**Exercise objective**
The answer must consist solely of the lines below starting at the one containing "NR565 Week 4 Study Guide 2021/2022" and ending at the one containing "Image of Pumpkin", repeated exactly, with both ends included and all pictures omitted.

== Source material

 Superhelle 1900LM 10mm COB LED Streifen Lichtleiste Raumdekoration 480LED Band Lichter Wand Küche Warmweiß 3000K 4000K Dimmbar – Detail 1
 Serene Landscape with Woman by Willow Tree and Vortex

====
== Source material

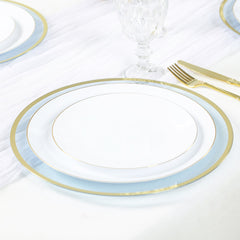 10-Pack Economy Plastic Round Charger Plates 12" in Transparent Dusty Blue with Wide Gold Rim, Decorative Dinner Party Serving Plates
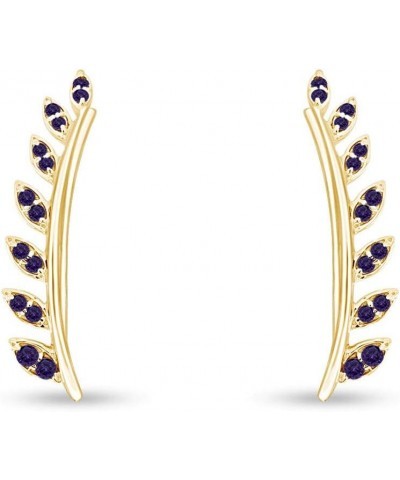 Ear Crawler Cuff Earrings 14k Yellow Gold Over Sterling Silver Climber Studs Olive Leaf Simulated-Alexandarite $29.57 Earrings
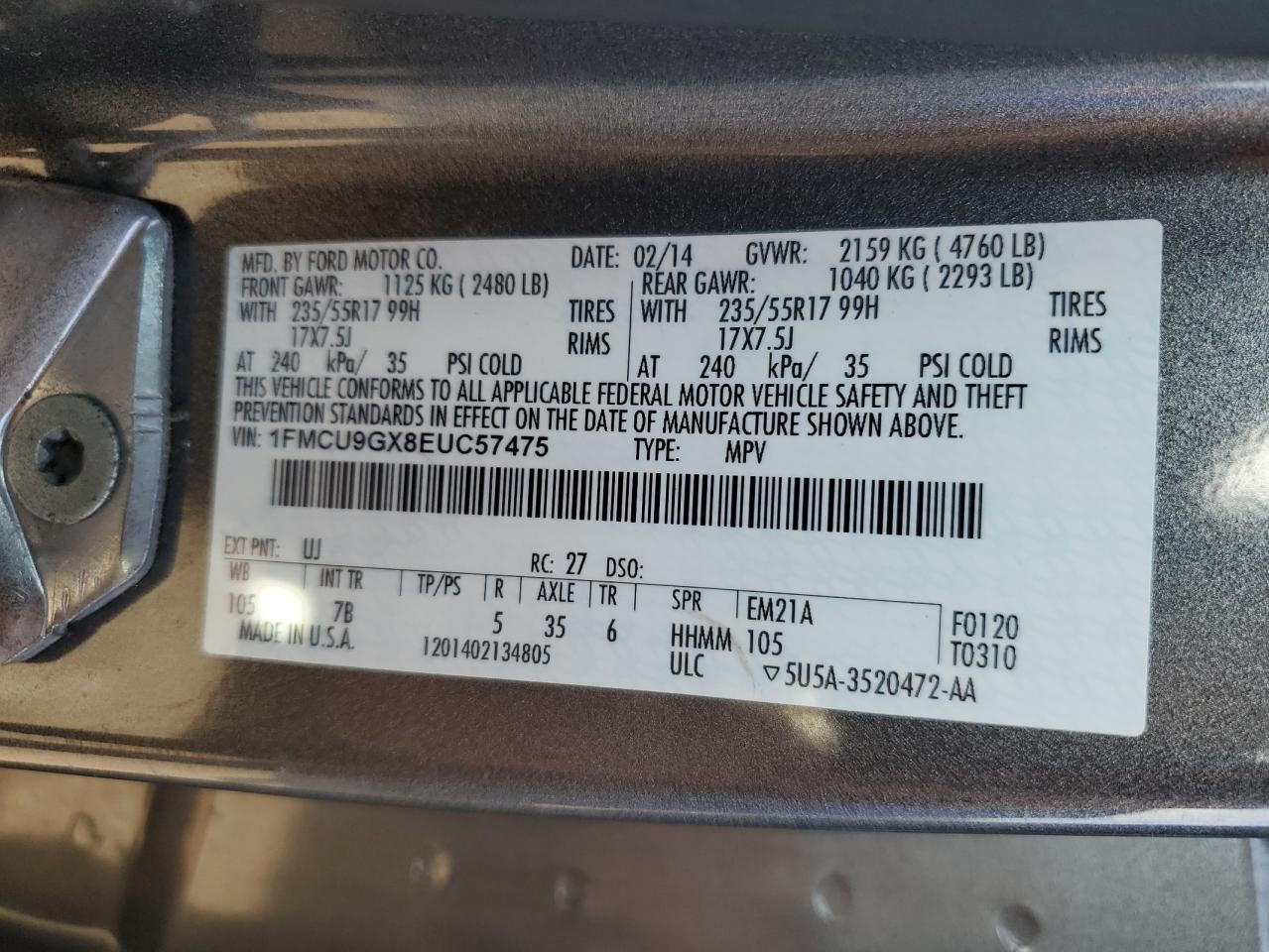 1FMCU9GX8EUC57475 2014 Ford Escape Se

====
== Source material

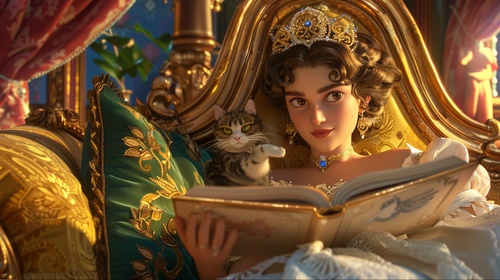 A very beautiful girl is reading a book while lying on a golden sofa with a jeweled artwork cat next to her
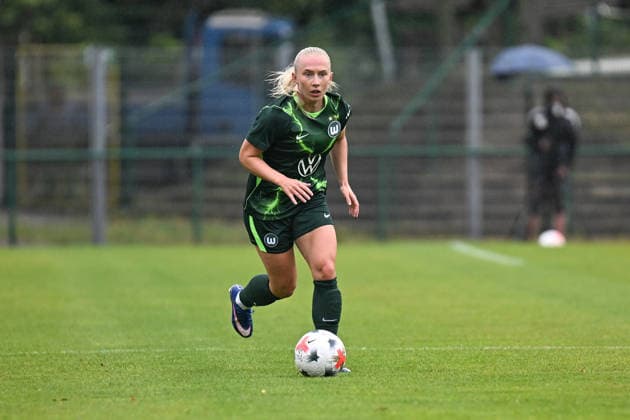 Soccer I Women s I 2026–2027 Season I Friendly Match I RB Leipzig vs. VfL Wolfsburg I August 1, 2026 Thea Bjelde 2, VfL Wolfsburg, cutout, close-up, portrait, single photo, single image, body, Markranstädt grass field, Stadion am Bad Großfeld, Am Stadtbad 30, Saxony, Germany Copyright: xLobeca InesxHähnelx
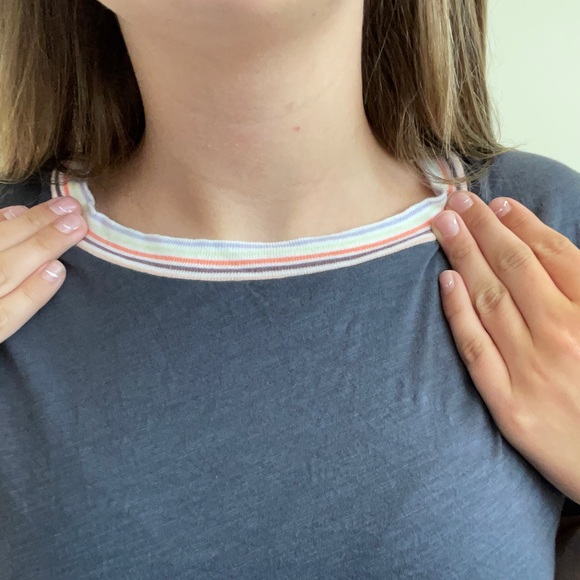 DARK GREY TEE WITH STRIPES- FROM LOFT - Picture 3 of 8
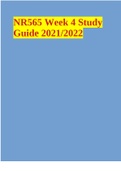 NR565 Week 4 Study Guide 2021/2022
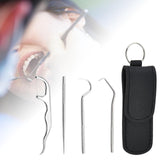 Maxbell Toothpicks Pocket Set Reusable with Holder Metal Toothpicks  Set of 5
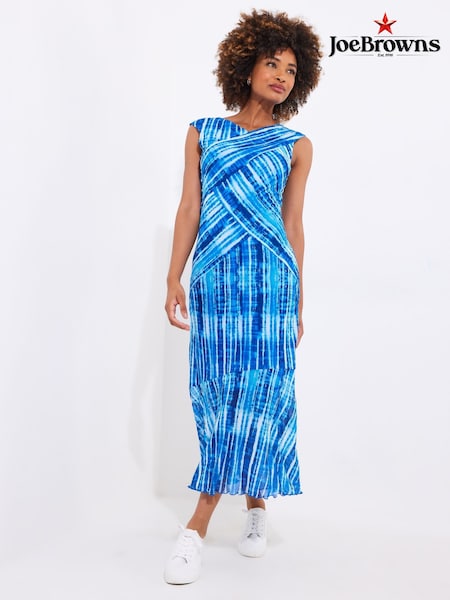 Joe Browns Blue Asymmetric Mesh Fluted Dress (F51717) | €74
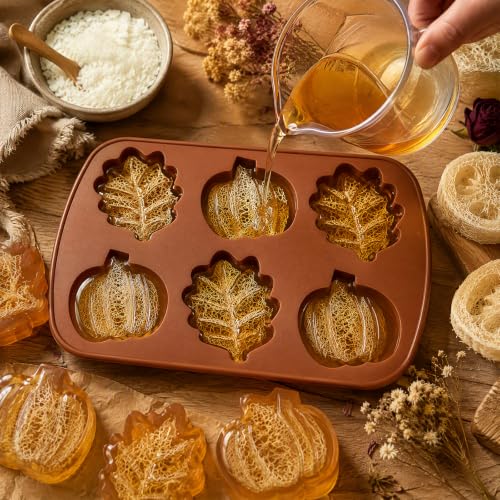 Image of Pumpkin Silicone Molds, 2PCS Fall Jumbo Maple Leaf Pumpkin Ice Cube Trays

====

**Solution**
 NR565 Week 4 Study Guide 2021/2022
 Maxbell Toothpicks Pocket Set Reusable with Holder Metal Toothpicks  Set of 5
 Joe Browns Blue Asymmetric Mesh Fluted Dress (F51717) | €74
 Image of Pumpkin Silicone Molds, 2PCS Fall Jumbo Maple Leaf Pumpkin Ice Cube Trays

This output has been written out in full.